Abstract
Objectives
To compare the change in serum vitamin D levels and to compare the changes in serum levels of calcium, phosphate, alkaline phosphatase and parathyroid hormone in vitamin D supplemented and unsupplemented groups after 3 mo.
Methods
In this randomized, parallel group, nonblinded, controlled trial, 40 children, 2–12 y of age with newly diagnosed epilepsy, and vitamin D sufficient status, and started on valproate monotherapy, were randomized into the intervention group (n = 20), which was given daily oral 600 IU vitamin D supplementation, and the control group (n = 20), which was not given any supplementation. Changes in the biochemical parameters was measured in the two groups after 3 mo.
Results
There was a significant reduction in the median (IQR) vitamin D levels in the control group as compared to an increase seen in the intervention group [−6.64 (−8.4, −2.65) vs. 5.66 (1.81, 7.12); p < 0.001]. In the control group, 37.5% children developed vitamin D insufficiency and 12.5% developed deficiency whereas only 5% of the intervention group developed vitamin D insufficiency (p = 0.005).
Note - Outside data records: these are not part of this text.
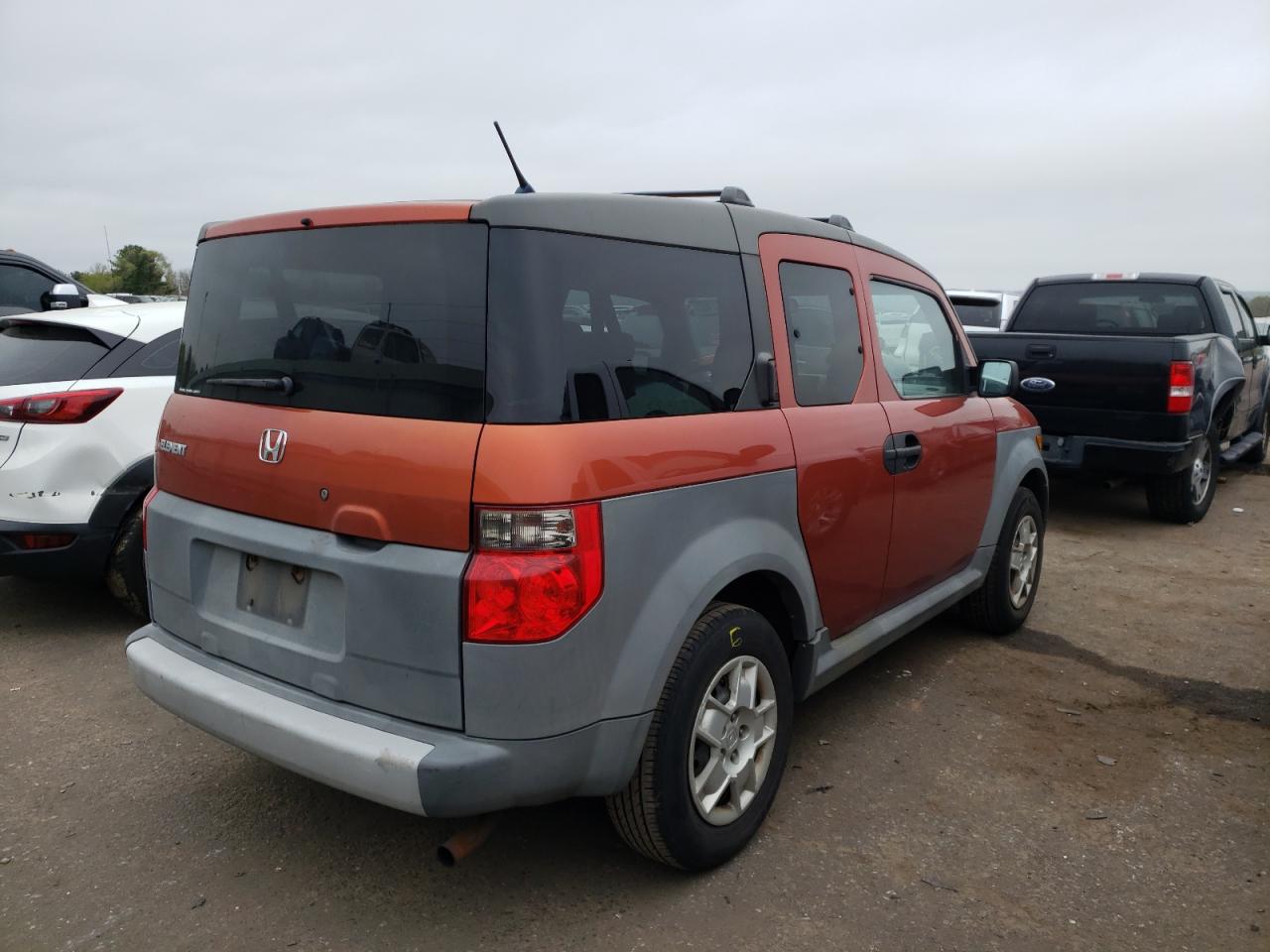 Photo 4 from auction – 2005 HONDA ELEMENT LX with VIN 5J6YH27325L031080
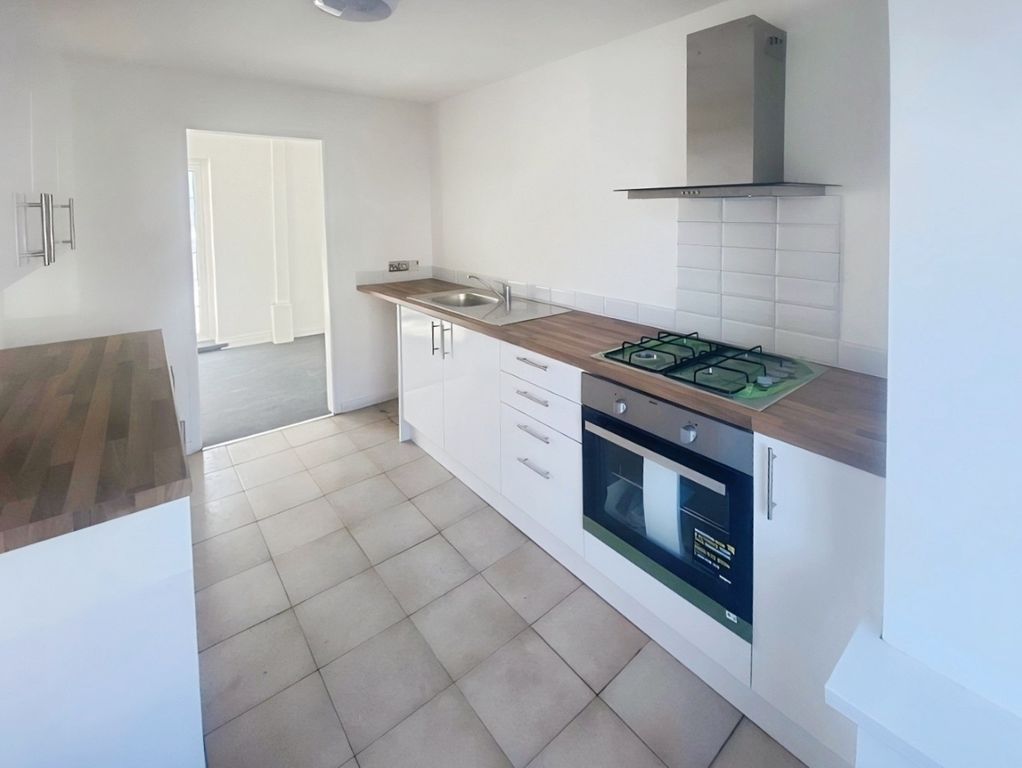 Property photo 2 of 16 5350821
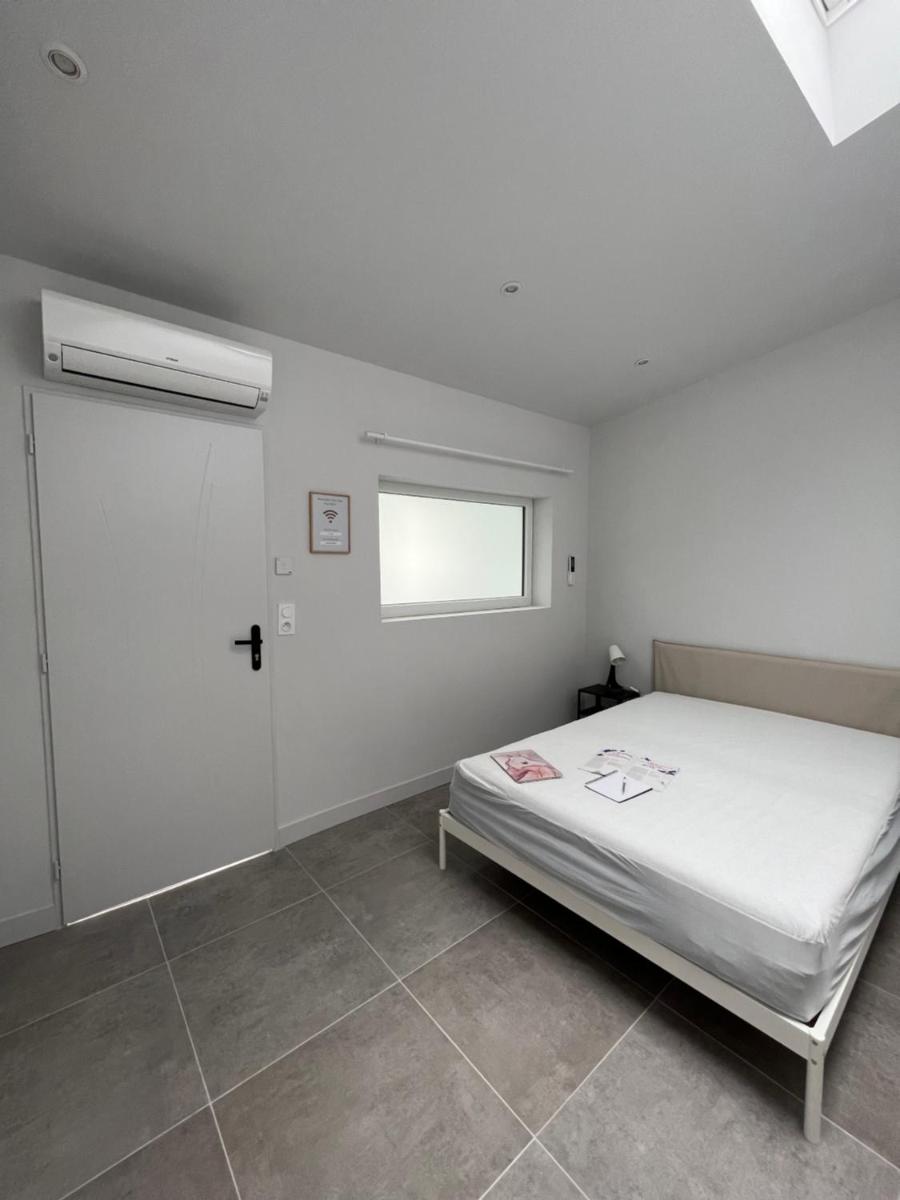 Suitetrails - Chez Oma I 1 appartement indépendant OPI I 3 chambres privatives avec salle d eau et salon commun cuisine commune WC commun patio commun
There was a significant decrease in ionized calcium (p = 0.02), increase in serum phosphate (p = 0.02), and alkaline phosphatase level (p = 0.003) in the unsupplemented group as compared to the supplemented group.
Conclusion
Vitamin D supplementation can reduce the valproate-associated decline in vitamin D levels and the negative impact on other markers of bone mineral metabolism.
Trial Registration
TCTR20200621002, 19.06.2020, retrospectively registered.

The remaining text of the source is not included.